Pseudogap and charge dynamics in doped cuprates

TL;DR

This paper investigates how charge dynamics and conductivity spectra evolve with doping and temperature in cuprates, revealing the relationship between pseudogap phenomena and unusual spectral features across different doping levels.

Contribution

It provides a microscopic theory explaining the doping and temperature dependence of charge dynamics and spectral features in doped cuprates, especially the pseudogap effects.

Findings

Low-energy non-Drude peak and midinfrared band in underdoped cuprates.

Shift of midinfrared band towards low-energy peak with increased doping.

Recovery of Drude behavior in heavily overdoped regime.

Abstract

Within the microscopic theory of the normal-state pseudogap state, the doping and temperature dependence of the charge dynamics in doped cuprates is studied in the whole doping range from the underdoped to heavily overdoped. The conductivity spectrum in the underdoped and optimally doped regimes contains the low-energy non-Drude peak and unusual midinfrared band.

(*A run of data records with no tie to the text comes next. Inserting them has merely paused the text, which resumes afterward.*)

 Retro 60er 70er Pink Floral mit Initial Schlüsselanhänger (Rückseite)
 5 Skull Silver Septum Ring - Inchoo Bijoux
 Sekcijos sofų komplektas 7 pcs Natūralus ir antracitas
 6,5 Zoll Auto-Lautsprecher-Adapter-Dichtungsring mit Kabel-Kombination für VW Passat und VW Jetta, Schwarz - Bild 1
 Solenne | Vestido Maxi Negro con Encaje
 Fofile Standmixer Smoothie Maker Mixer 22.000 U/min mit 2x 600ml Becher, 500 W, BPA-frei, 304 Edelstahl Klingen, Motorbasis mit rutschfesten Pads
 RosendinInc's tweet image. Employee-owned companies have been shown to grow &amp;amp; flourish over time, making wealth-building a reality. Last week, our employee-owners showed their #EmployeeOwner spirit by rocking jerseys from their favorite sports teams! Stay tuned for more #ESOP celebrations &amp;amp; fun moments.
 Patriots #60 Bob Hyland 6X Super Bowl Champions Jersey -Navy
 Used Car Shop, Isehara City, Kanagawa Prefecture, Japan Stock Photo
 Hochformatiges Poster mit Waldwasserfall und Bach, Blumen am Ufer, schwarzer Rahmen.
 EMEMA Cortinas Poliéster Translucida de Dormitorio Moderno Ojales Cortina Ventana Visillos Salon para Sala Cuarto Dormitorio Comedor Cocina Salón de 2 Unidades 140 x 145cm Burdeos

However, the position of the midinfrared band shifts towards to the low-energy non-Drude peak with increasing doping. In particular, the low-energy non-Drude peak incorporates with the midinfrared band in the heavily overdoped regime, and then the low-energy Drude behavior recovers. It is shown that the striking behavior of the low-energy non-Drude peak and unusual midinfrared band in the underdoped and optimally doped regimes is closely related to the emergence of the doping and temperature dependence of the normal-state pseudogap.